Since my early teens, when I discovered the work of Juan Gris the Cubist, who made his still lifes with torn and cut segments of French newspapers and bits of frayed wine label, I have been fascinated by collage.

My earliest portraits were made with fragments of paper of one sort or another. Nowadays I still work with slivers from magazines, wrapping paper, newspaper, catalogues, packaging, junkmail – and in fact anything from the deluge of paper that fills our lives. I make commissioned portraits, still lifes, and more abstract pieces, using a variety of materials.

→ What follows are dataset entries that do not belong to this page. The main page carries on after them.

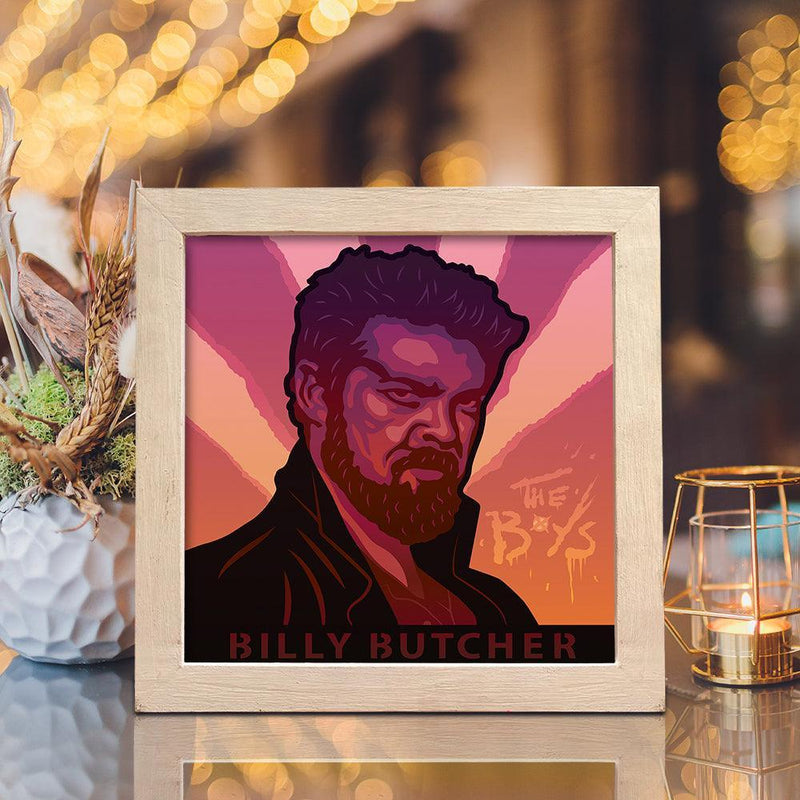 Billy Butcher Square - Paper Cut Light Box File - Cricut File - 8x8 inches - LightBoxGoodMan - LightboxGoodman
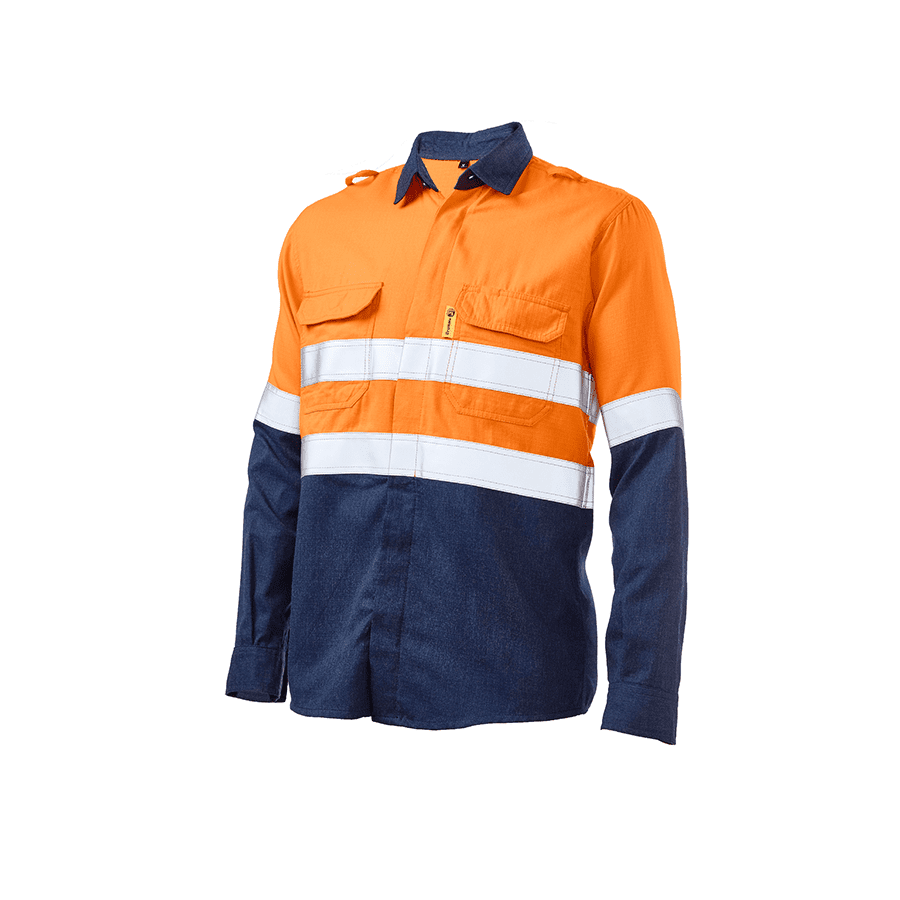 Modacrylic Hi-Viz Two Tone Shirt | Dromex | 100% Cotton Workwear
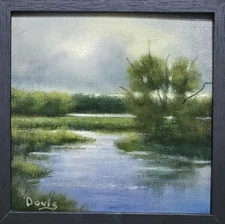Orignal oil painting, marsh landscape, 6"x6" plus frame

The materials I use are very much “found” or “lighted upon” in the spirit of Kurt Schwitters and the Surrealists. If there is any kind of philosophy behind what I do, it is the appeal of the idea that a still life or a landscape or something as formal and prescribed as a portrait, can be rendered with random pieces of printed paper – that a chaos of re-cycled scraps can be ordered to either represent something specific, or used more metaphorically, to evoke scenes, moods or ideas.

Much of my work is inspired by the coastal landscape of North Cornwall. The Polly Joke abstracts are a series of pictures made from re-cycled canvas, sand and debris found on Polly Joke beach near Crantock.

Using photographic reference and drawings, I am currently working on a series of paintings and collages that explore the themes of memory and childhood, and that are inspired by recollections of holidays and time spent by the sea in the South West of England.